Yes I use cheap Ronson fuel. No problems with the stuff at all, so long as the lighters are de-pressurized before refilling.


----------



## KickU2Sleep (Feb 20, 2009)

no idea there bro, i'm only a few miles from ya and my little b/m has plenty...haven't bought any from grocery/drug stores, have to look 2nite and see if it's the same situation...


----------



## Cigarz (Feb 25, 2009)

stfoley said:


> Seriously, about every drugstore and grocery store in the city of St. pete used to sell them....now, it's a ghost town. It's so far that some stores ahve simply said they stopped selling them. Amusingly those same shops are still selling Firebirds, Jetlites and such.
> 
> What gives? Economy, Conspiracy, delivery, something-else-y?
> 
> Yes I use cheap Ronson fuel. No problems with the stuff at all, so long as the lighters are de-pressurized before refilling.


A little something called meth. Meth heads :wacko: burn a ton of the stuff either smoking or making the shit, not sure. Its pretty big in the midwest and there would be at least 1-2 people coming into the cigar shop I frequented a day looking for "larger" cans of butane.

I live in Central Florida and its becoming bigger down here, so it wouldnt be a surprise if that was the reason.


----------



## TheStig (Jan 12, 2009)

Check. The drugstores cvs always has it. I was just @ cigar loft on central. Mike has some there


----------



## docruger (Feb 12, 2009)

walgreens on 4th st north has it all the time


----------



## stfoley (Jul 28, 2008)

That's the thing....the Walgreens on 4th st.
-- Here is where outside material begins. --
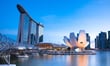Singapore's CI definitions are moving toward disease. Legacy policies aren't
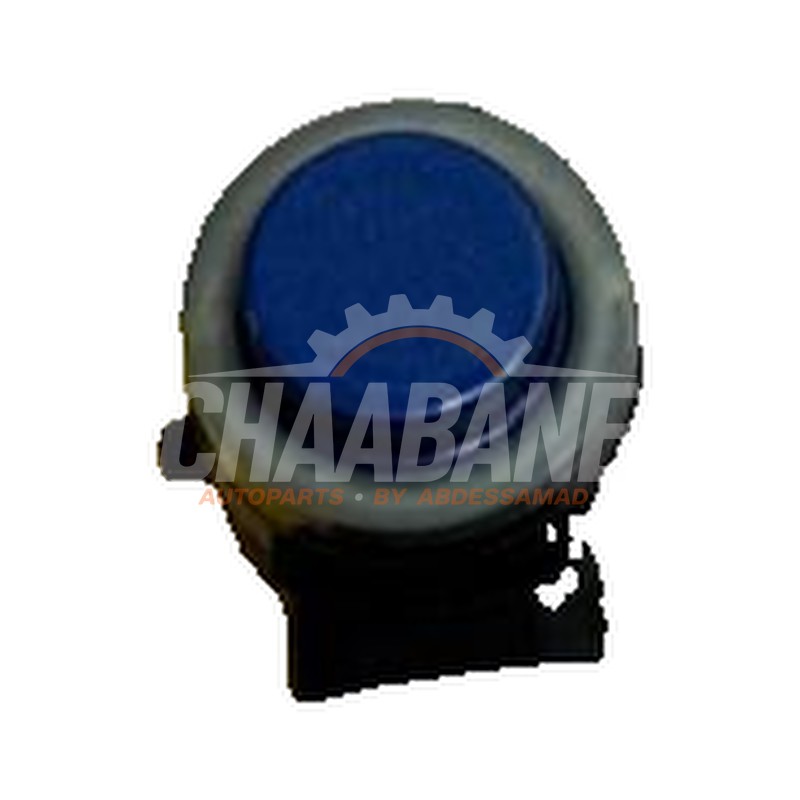 Capteur PDC 5Q0919275B Seat Ibiza V (KJB) 1.0 TSI 12V 2017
N is two blocks from me, so I went there and they didn't have it. The Sweetbay I usually get mine at (across the street) was out as well.

The Sweetbay on 9th st N (MLK to those that go by the new signs) was also out.

It probably is methheads....there was a problem in the Gandy area with methlabs in motel rooms a few years back...those idiots probably got out of the jail.

Either way, i bought some from ronsonstore. My butane lighters get enough use that I burn through canisters in a fairly short time (cooking torch, grill lighter for hookah, my pipe lighter, my various cigar lighters...sheesh).


----------